[Material provided — start]
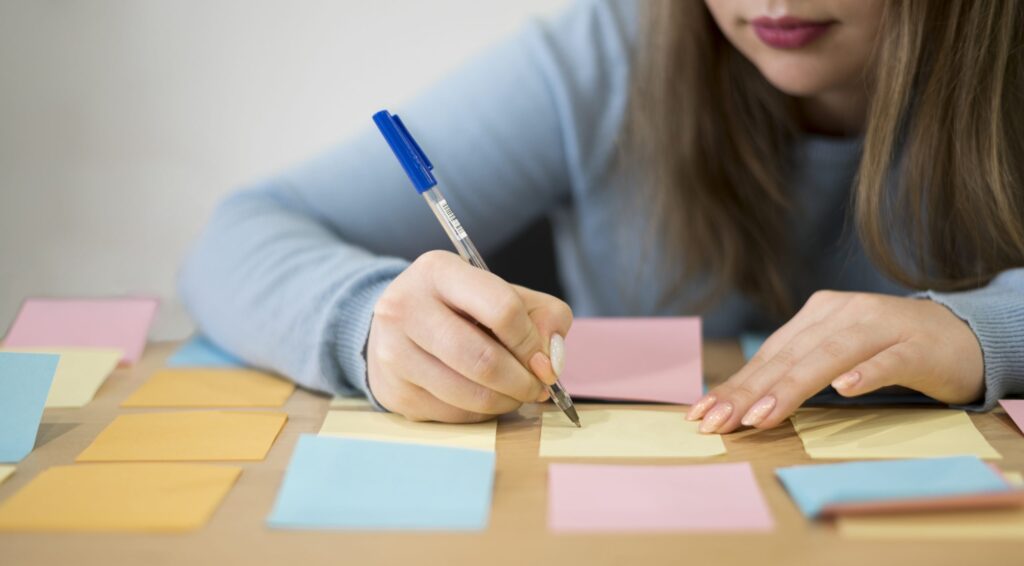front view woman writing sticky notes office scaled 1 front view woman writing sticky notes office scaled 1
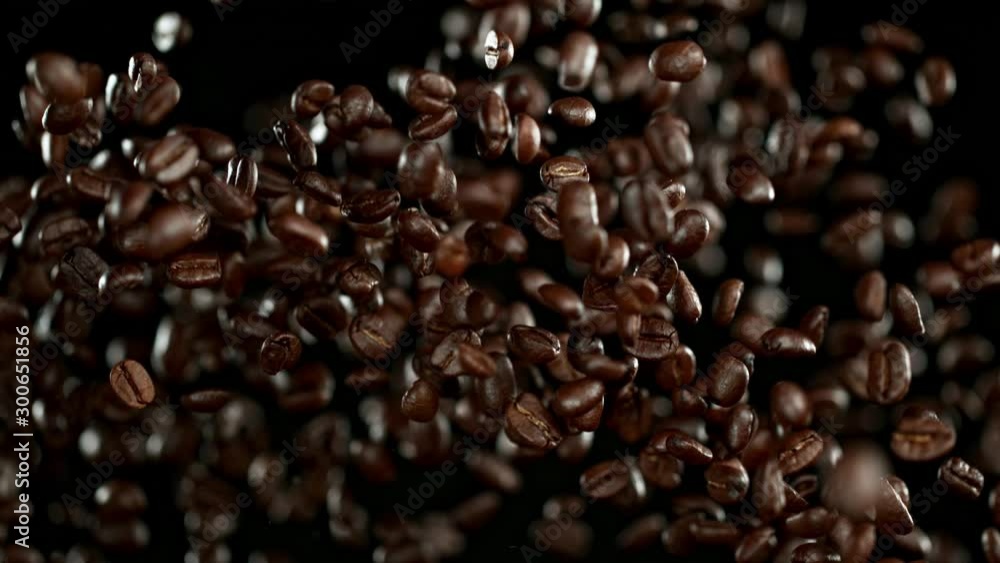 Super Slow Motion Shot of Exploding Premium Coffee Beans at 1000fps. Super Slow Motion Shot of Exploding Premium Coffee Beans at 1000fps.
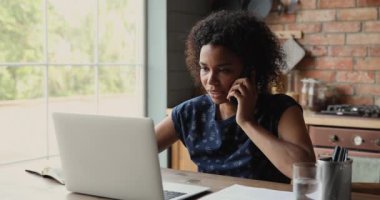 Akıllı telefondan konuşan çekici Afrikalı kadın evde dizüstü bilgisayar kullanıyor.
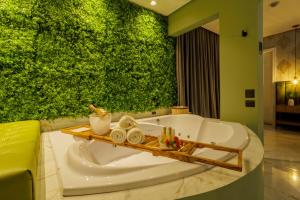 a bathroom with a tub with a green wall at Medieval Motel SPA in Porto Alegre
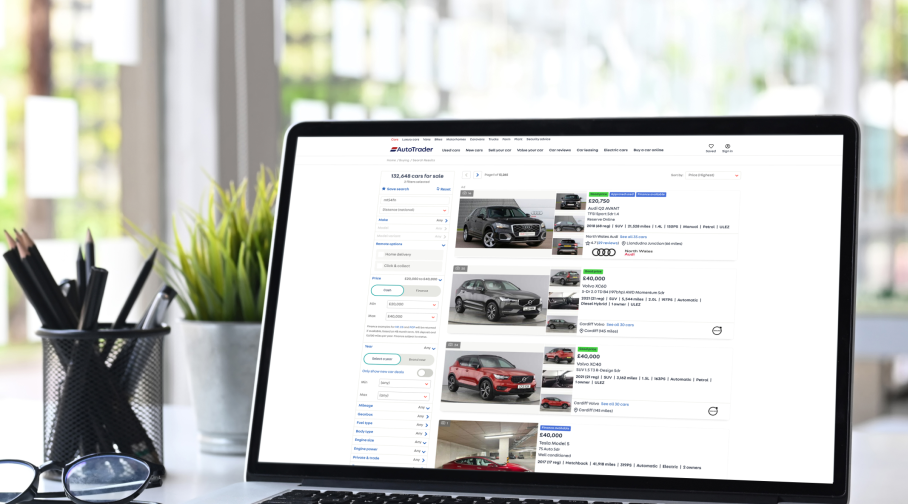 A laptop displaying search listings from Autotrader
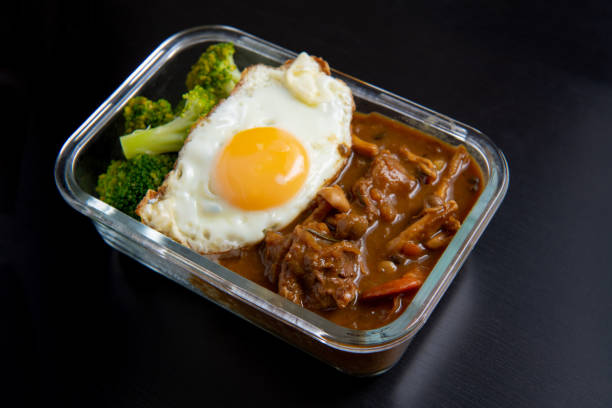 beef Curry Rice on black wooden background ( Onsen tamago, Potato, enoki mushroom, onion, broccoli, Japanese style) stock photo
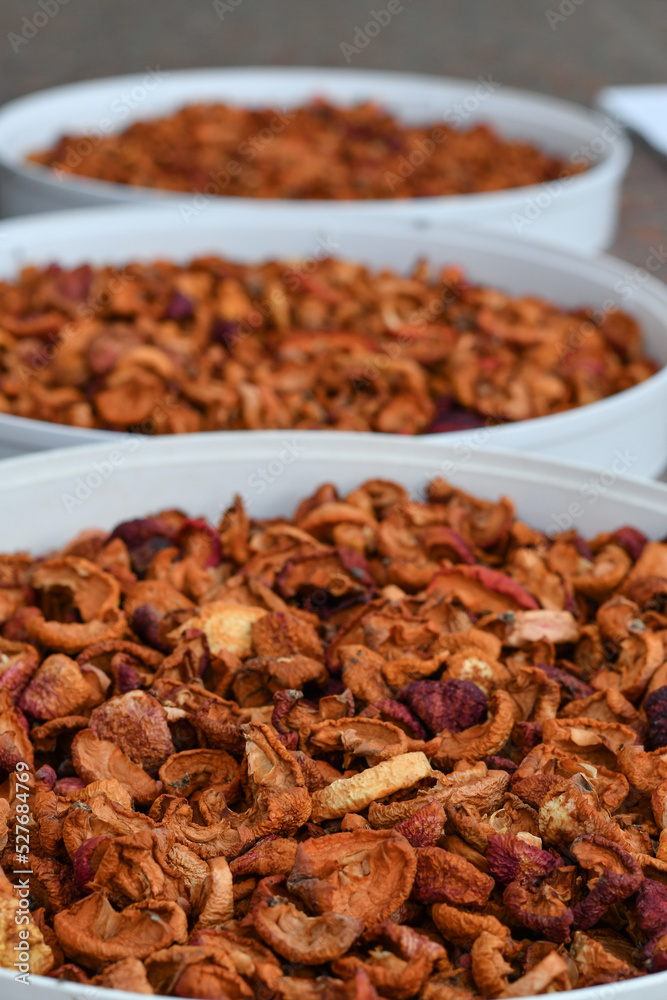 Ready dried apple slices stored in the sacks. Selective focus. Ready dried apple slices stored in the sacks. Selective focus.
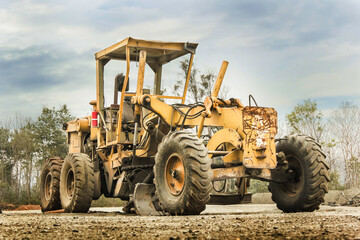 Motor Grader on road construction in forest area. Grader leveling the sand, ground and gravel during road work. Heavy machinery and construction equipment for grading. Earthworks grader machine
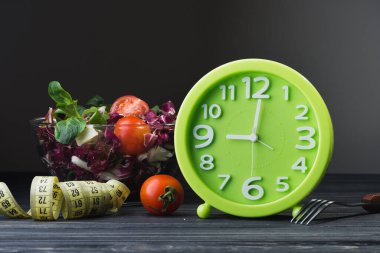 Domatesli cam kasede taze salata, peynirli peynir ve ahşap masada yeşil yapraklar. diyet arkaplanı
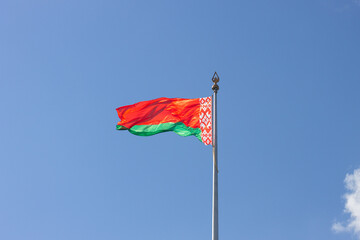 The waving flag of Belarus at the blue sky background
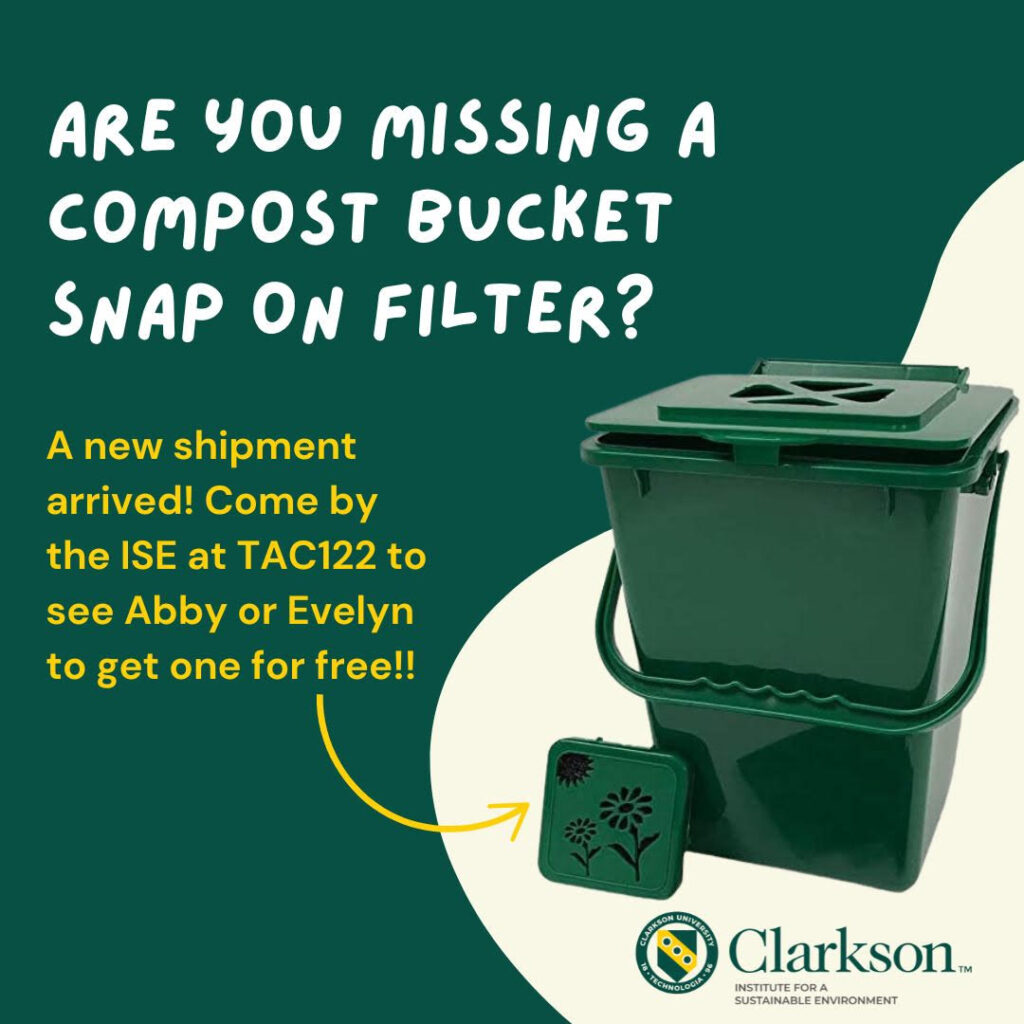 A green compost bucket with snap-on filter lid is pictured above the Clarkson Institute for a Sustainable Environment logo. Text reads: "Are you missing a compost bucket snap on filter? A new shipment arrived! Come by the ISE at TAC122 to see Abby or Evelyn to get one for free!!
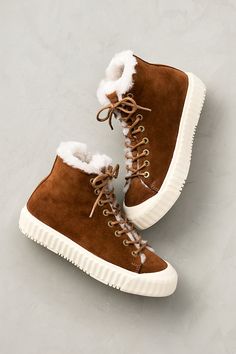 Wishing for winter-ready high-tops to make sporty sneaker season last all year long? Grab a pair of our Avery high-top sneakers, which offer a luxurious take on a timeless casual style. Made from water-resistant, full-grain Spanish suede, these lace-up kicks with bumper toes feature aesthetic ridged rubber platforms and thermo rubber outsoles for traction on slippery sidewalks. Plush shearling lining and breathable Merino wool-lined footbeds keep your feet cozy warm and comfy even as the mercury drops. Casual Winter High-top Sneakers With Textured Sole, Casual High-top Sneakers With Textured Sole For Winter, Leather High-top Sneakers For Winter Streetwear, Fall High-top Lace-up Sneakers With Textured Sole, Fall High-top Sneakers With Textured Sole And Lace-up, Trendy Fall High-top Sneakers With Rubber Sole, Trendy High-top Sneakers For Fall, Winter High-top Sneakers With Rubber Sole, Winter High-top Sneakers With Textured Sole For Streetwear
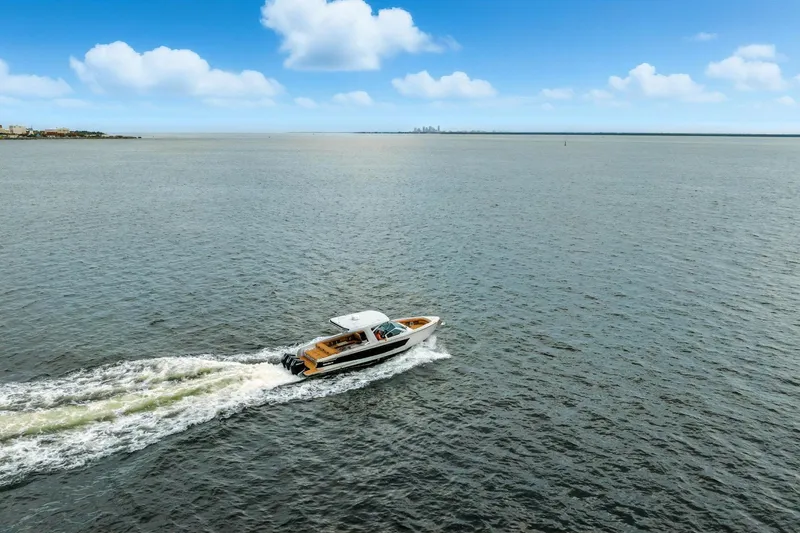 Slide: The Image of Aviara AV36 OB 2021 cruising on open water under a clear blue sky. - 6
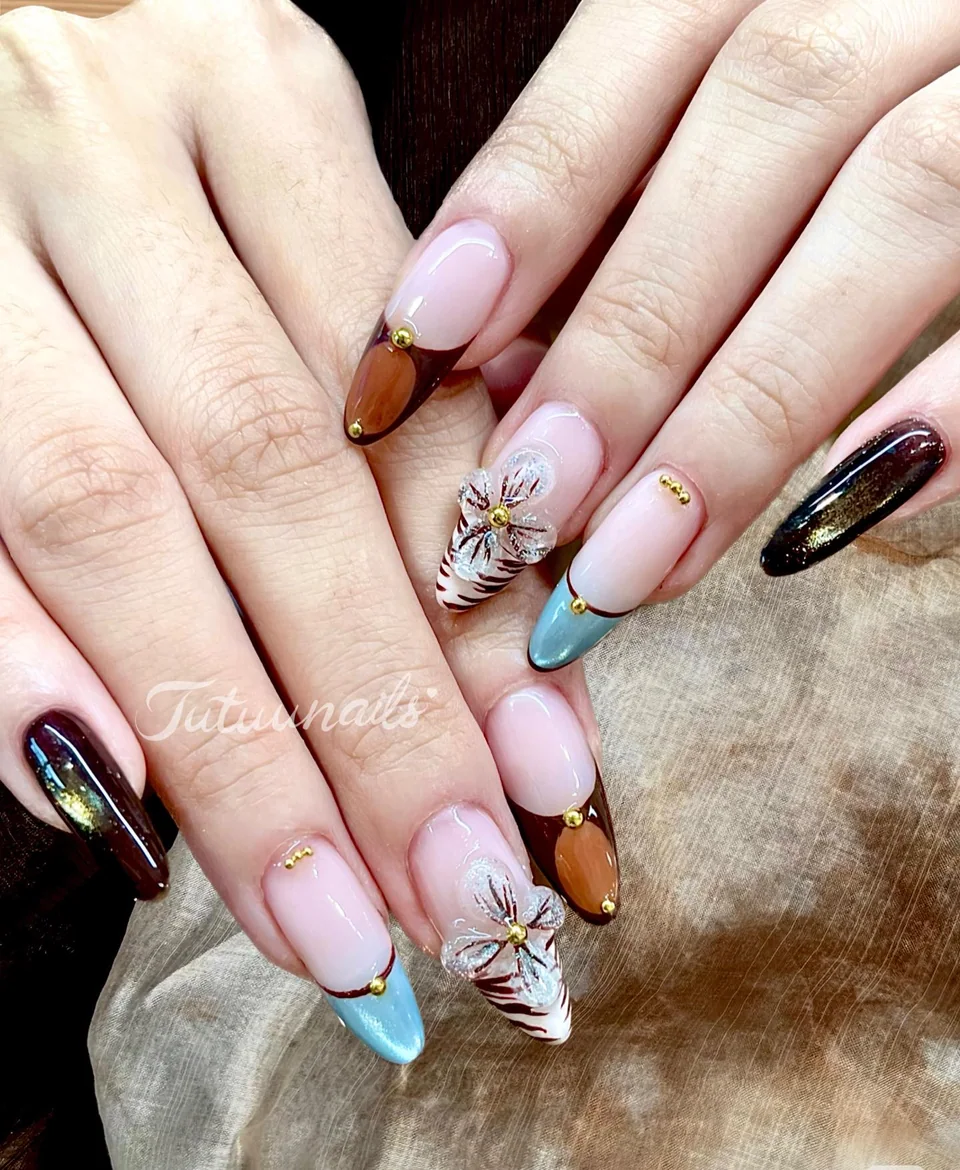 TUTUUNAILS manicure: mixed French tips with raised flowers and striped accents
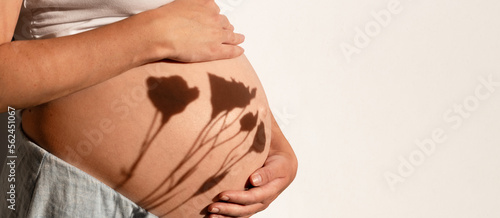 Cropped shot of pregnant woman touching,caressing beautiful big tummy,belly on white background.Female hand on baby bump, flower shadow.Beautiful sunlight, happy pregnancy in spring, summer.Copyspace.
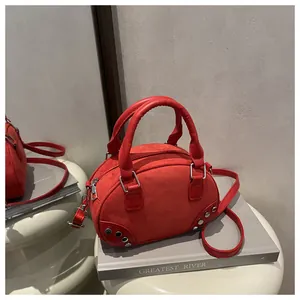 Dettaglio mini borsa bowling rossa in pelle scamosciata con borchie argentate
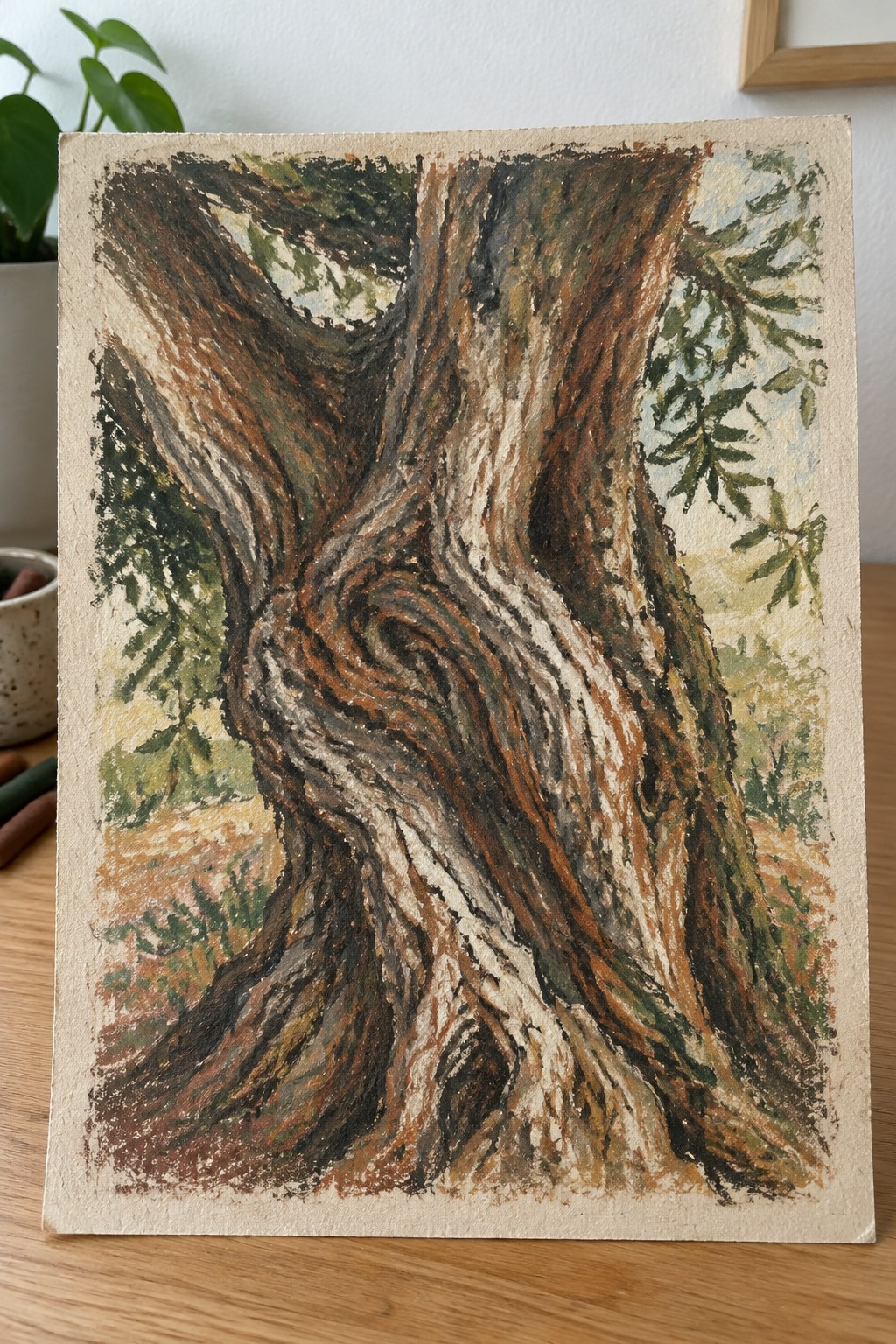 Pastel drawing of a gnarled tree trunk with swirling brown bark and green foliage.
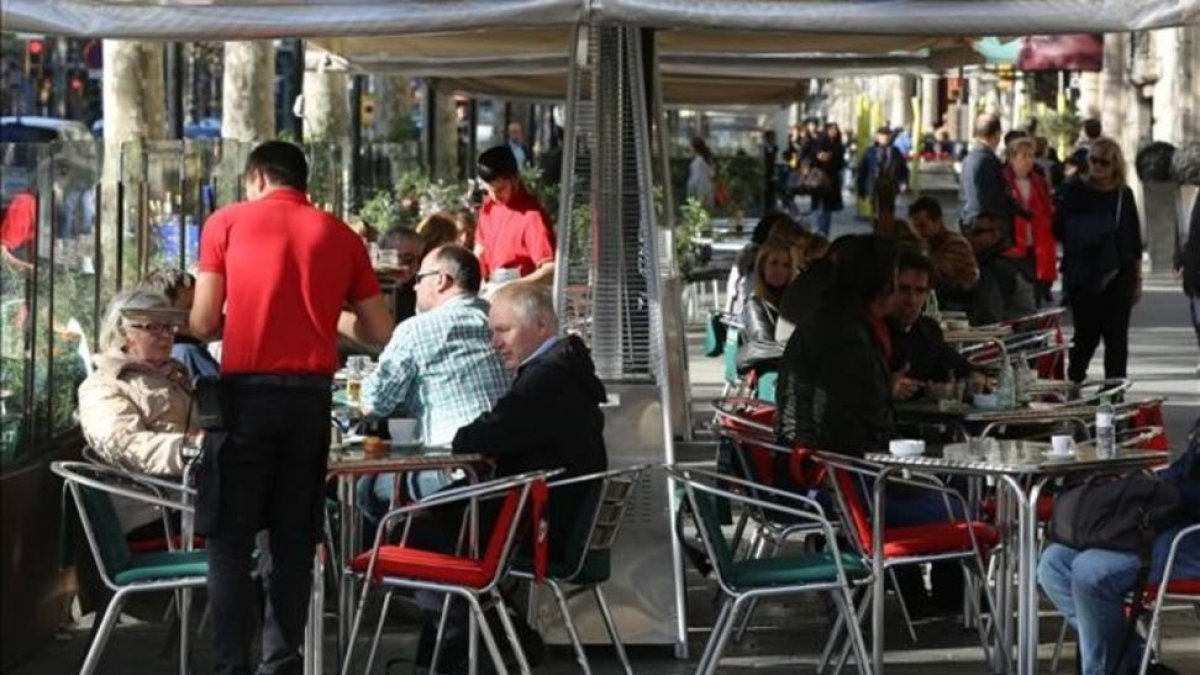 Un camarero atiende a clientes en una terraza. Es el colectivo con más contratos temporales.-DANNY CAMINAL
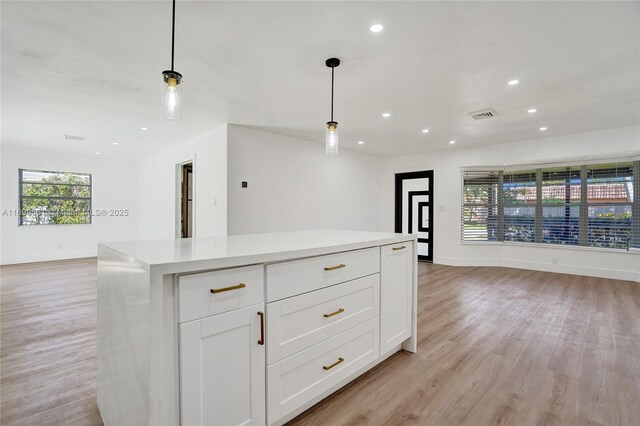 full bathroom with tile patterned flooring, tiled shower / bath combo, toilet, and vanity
[Material provided — finish]
◆ **Exercise**
Give back an exact repeat of the lines from the top of the data through the line that holds "A green compost", both included, and omit pictures.

◆ **Output below**
front view woman writing sticky notes office scaled 1 front view woman writing sticky notes office scaled 1
 Super Slow Motion Shot of Exploding Premium Coffee Beans at 1000fps. Super Slow Motion Shot of Exploding Premium Coffee Beans at 1000fps.
 Akıllı telefondan konuşan çekici Afrikalı kadın evde dizüstü bilgisayar kullanıyor.
 a bathroom with a tub with a green wall at Medieval Motel SPA in Porto Alegre
 A laptop displaying search listings from Autotrader
 beef Curry Rice on black wooden background ( Onsen tamago, Potato, enoki mushroom, onion, broccoli, Japanese style) stock photo
 Ready dried apple slices stored in the sacks. Selective focus. Ready dried apple slices stored in the sacks. Selective focus.
 Motor Grader on road construction in forest area. Grader leveling the sand, ground and gravel during road work. Heavy machinery and construction equipment for grading. Earthworks grader machine
 Domatesli cam kasede taze salata, peynirli peynir ve ahşap masada yeşil yapraklar. diyet arkaplanı
 The waving flag of Belarus at the blue sky background
 A green compost bucket with snap-on filter lid is pictured above the Clarkson Institute for a Sustainable Environment logo. Text reads: "Are you missing a compost bucket snap on filter? A new shipment arrived! Come by the ISE at TAC122 to see Abby or Evelyn to get one for free!!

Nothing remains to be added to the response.